#### WHAT TO WORK ON:
Transcribe exactly the line in which "icon, symbol, gui-1976100.jpg" occurs, plus every line that comes after it up to the end of the entries.

#### DATA:
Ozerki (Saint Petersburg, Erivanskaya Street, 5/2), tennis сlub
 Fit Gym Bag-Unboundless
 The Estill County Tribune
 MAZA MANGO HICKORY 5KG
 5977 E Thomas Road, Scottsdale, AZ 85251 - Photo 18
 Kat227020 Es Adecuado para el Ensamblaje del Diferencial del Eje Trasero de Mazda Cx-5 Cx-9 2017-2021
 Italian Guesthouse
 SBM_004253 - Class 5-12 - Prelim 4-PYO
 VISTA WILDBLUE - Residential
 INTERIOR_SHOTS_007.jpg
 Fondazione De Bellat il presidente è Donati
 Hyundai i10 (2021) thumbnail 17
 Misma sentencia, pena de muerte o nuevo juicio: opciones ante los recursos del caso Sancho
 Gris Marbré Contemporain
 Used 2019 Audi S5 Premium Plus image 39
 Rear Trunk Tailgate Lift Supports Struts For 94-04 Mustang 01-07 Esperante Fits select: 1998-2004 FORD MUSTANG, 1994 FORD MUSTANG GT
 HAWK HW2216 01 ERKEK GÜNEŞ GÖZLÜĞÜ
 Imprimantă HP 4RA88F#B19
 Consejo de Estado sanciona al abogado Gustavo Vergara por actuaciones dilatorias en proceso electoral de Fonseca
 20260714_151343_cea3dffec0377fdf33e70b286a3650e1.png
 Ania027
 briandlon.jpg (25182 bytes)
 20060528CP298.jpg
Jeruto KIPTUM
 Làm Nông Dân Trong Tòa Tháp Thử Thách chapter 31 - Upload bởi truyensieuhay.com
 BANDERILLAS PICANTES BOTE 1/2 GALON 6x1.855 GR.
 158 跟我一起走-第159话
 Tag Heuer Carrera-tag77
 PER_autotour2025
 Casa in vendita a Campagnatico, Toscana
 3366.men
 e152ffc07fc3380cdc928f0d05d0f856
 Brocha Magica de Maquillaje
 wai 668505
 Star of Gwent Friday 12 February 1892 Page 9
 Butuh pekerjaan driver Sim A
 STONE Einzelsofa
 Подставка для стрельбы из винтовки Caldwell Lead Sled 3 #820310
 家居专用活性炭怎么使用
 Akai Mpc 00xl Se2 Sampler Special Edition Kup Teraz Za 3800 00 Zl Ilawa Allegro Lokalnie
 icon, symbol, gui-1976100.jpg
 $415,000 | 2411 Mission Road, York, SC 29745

#### OUTPUT FOR THIS EXERCISE:
 icon, symbol, gui-1976100.jpg
 $415,000 | 2411 Mission Road, York, SC 29745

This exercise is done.